上写真=田中隼人が染野唯月と激しく争う。激しい守備で攻撃サッカーを支える(写真◎J.LEAGUE)
■2025年3月29日 J1第7節(観衆11,888人/@三協F柏)
柏 0-0 東京V
「絶対に負けたくない」
東京ヴェルディのシャドーに入った染野唯月と、最前線の木村勇大と、バチバチのバトル。
「楽しかったですね」
柏レイソルの若きセンターバック、田中隼人はにやりと笑った。攻撃面ではなかなか相手を突き崩せずに今季初めてのノーゴールに終わったが、守備ではシャットアウトに成功。特に原田亘、古賀太陽、田中で組んだ3バックの集中力は鋭かった。
「立ち上がりから相手のペースになってしまいましたけど、これまで前半に失点する展開が多かった中で、前半45分をゼロで終われたのはチームとして一つ成長してきているポイントだと思います。そこは評価してもいいのかな」
3バックの中央で引き締めた古賀はうなずく。今季からリカルド・ロドリゲス監督がチームを率いて、その特徴である変幻自在のビルドアップの出来に注目が集まるが、それを最後尾から下支えしているのが、この3バックである、攻撃の起点としての機能に目がいくが、それも大前提として堅固な守備があってこそ。
昨季、J2のV・ファーレン長崎で経験を積んで戻ってきた田中は21歳のDF。今季2試合目の先発となったこの90分は、目の前の戦いに集中できたという。

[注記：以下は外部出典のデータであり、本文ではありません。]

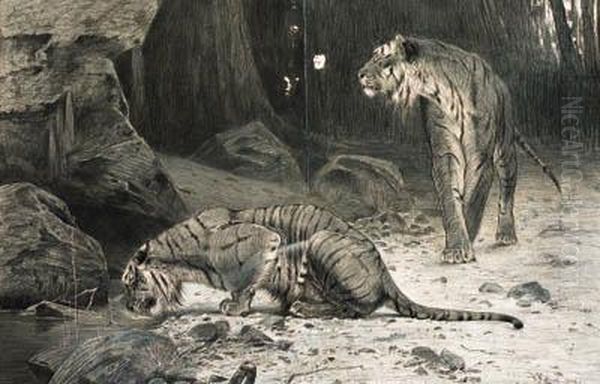 Two Tigers Oil Painting by Wilhelm Kuhnert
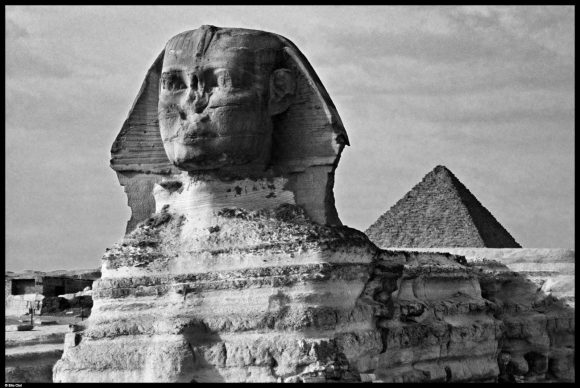 Sfinge, necropoli di Giza, 1980 © Elio Ciol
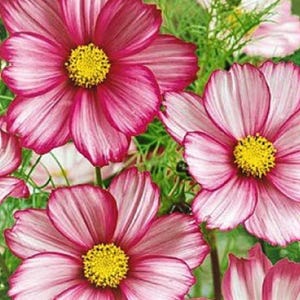 Candystripe Cosmos Seeds | 100 Beautiful Flower Seeds for Garden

「対面する染野選手や木村選手は去年もたくさん点を取っていますし、アンダー世代でも一緒にやったことがあるので、特徴は分かっていました。絶対に負けたくないと思いながら、結果的にクリーンシートだったので、そこは良かったなと」
その田中のバトルを頼もしく見守った古賀は、3バックの結びつきに胸を張る。
「今日はすごく安定していたと思います。これまでの相手以上にラフなボールを背後に入れてきましたし、前線に体の強い選手が多かったので、その特徴を生かそうとしてきたんだと思います。そこに対してもうまく予測したりいい判断を重ねながら、うまく対応できました」
そんな最後尾の守備力をさらに高めるために、田中が掲げたのは自らのレベルアップ。木村と対峙して反省点が浮き彫りになったという。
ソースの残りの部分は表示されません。